Patriot Ancestor / Monday, August 5th, 2013

John Curd, Jr. (1726-1802), SAR Patriot Number P-142344, DAR Ancestor # A028691

John Curd, Jr., was born on 14 April 1726 to John Curd (1706-1752) and Elizabeth Ann Price Curd (1707-1774)  in Henrico County, Virginia.  This part of Henrico County, above the fall line of the James River at Richmond, became Goochland County in 1728.  He married Lucy Brent (1735-1815) on 7 April 1759 in Lancaster County, on Virginia’s northern neck.  They had five sons and four daughters.  Both the Price and the Brent families had deep Virginia roots. 

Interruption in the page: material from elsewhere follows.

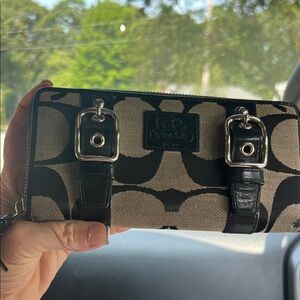Coach Zippy wallet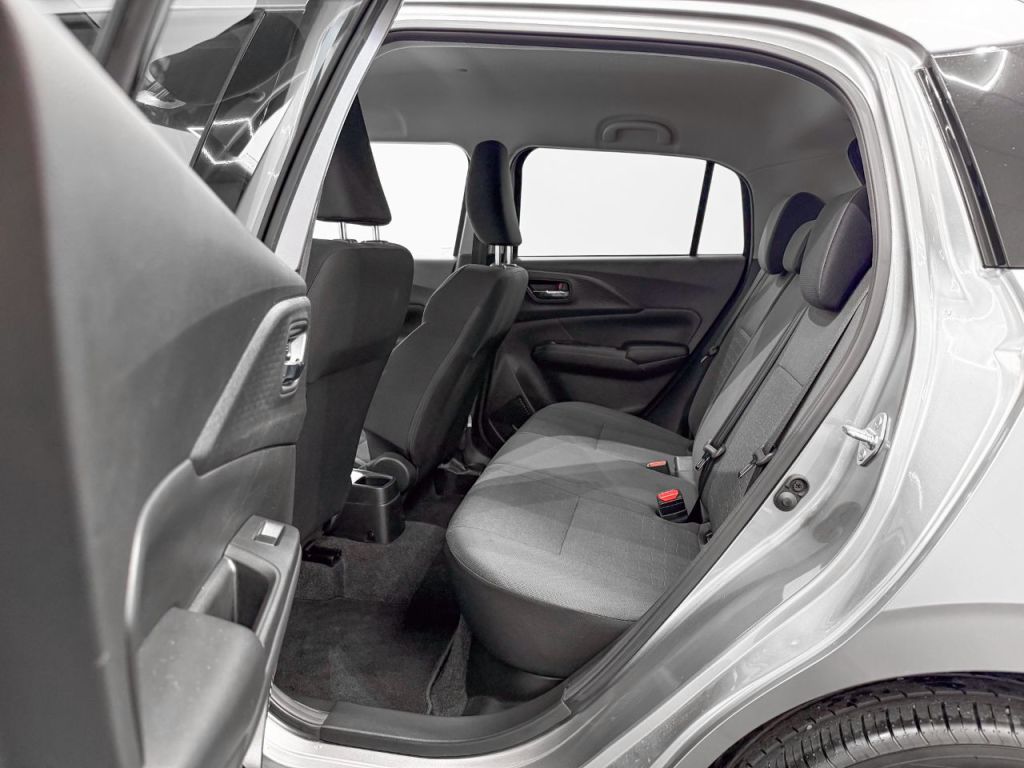 Used Suzuki Swift 2024 for sale - 77349912: Photo 10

John Curd served during 1781 in the Lincoln County (Virginia) militia in Captain John Martin’s company under the command of Colonel Stephen Trigg.  In 1782, he served in the companies of Captain Samuel Scott and Captain John Smith, under the command of Colonel Benjamin Logan.  Finally, also in 1782, he participated in the raid by General George Rogers Clark on the Shawnee tribes in Ohio in retribution for the Battle of Blue Licks in which Colonel Trigg had been killed. 

John Curd was one of at least ten related Curds from central Virginia who served the Patriot cause in the Revolutionary War.  About half of them are named John Curd, so they are frequently confused.  There is a pistol in the collection of the Daughters of the American Revolution in Washington, DC, that belonged to his cousin, also named John Curd  (1751-1819). 

During the 1780s, John Curd (1726-1797) was sent into Kentucky, the westernmost part of the Virginia, on official missions by the administration of Governor Patrick Henry.  The Virginia legislature deeded him 1600 acres of land for services rendered and, in about 1785, he moved with his wife and family to Kentucky.  He went first to Harrodsburg, during the time of his friend Daniel Boone.  The Kentucky Historical Society has the original of a receipt Daniel Boone signed, dated 12 November 1792, for a fee of $25 that John Curd paid to him for a survey Boone had conducted. 

In 1786, the Virginia legislature granted John Curd a charter, signed by Governor Patrick Henry, to operate a ferry across the Kentucky River.  The ferry was located at the mouth of the Dick’s (later Dix) River.  Curd was also authorized to build and operate tobacco inspection warehouses and a town at the ferry landing.

John Curd built a house, which still stands near Wilmore, Kentucky, high on the right (east) bank of the Kentucky River.  The house is symmetrical, one and one half story Federal style, of Flemish bond brick, with a central passage.  It was placed on the National Register of Historic Places in 1984.  There is a family cemetery at the west end of the house, perhaps the final resting place of John Curd and other members of his family.  (Another possible burial site is near Shakertown and the now-extinct Curdsville, across the river in today’s Mercer County.)  There is a state historical marker at the entrance road to his house, by the hand laid stone wall.

Kentucky was admitted to the Union as the 15th state on 1 June 1792.  Kentucky then consisted of three counties — Lincoln, Fayette, and Jefferson; it now has 120 counties.  Mercer County was split from Lincoln in 1785.  The property upon which the John Curd house stands is now in Jessamine County, formed out of Mercer in 1798.   

John Curd died, in what was then Mercer County, Kentucky, before December 1797, when his sons and executors conducted an estate sale. 

Citation: Curd, Daniel S: The Curd Family in America: Eight Generations, published by the author, 2020, Madison, Wisconsin, pp.  20-21.